(TASK PROMPT) The answer must reproduce the listing exactly, with every picture left out.

(INPUT DATA)
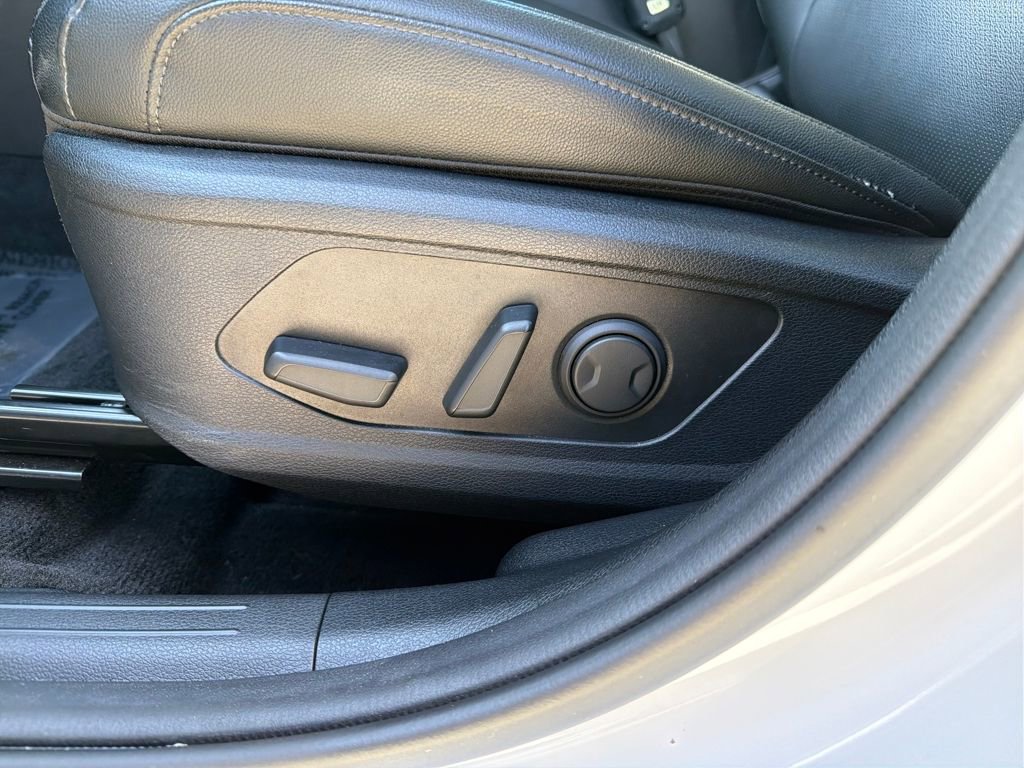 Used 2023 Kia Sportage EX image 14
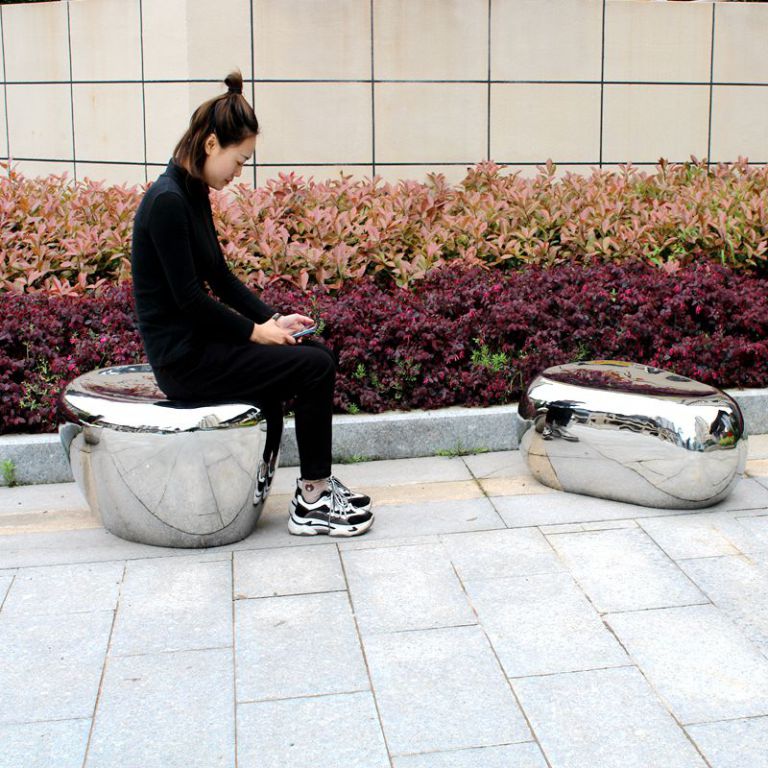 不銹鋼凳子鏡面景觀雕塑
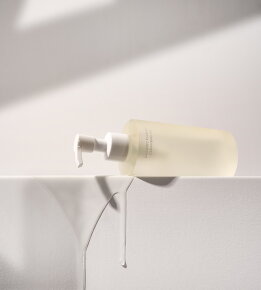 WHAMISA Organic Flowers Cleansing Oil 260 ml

(EXPECTED ANSWER)
 Used 2023 Kia Sportage EX image 14
 不銹鋼凳子鏡面景觀雕塑
 WHAMISA Organic Flowers Cleansing Oil 260 ml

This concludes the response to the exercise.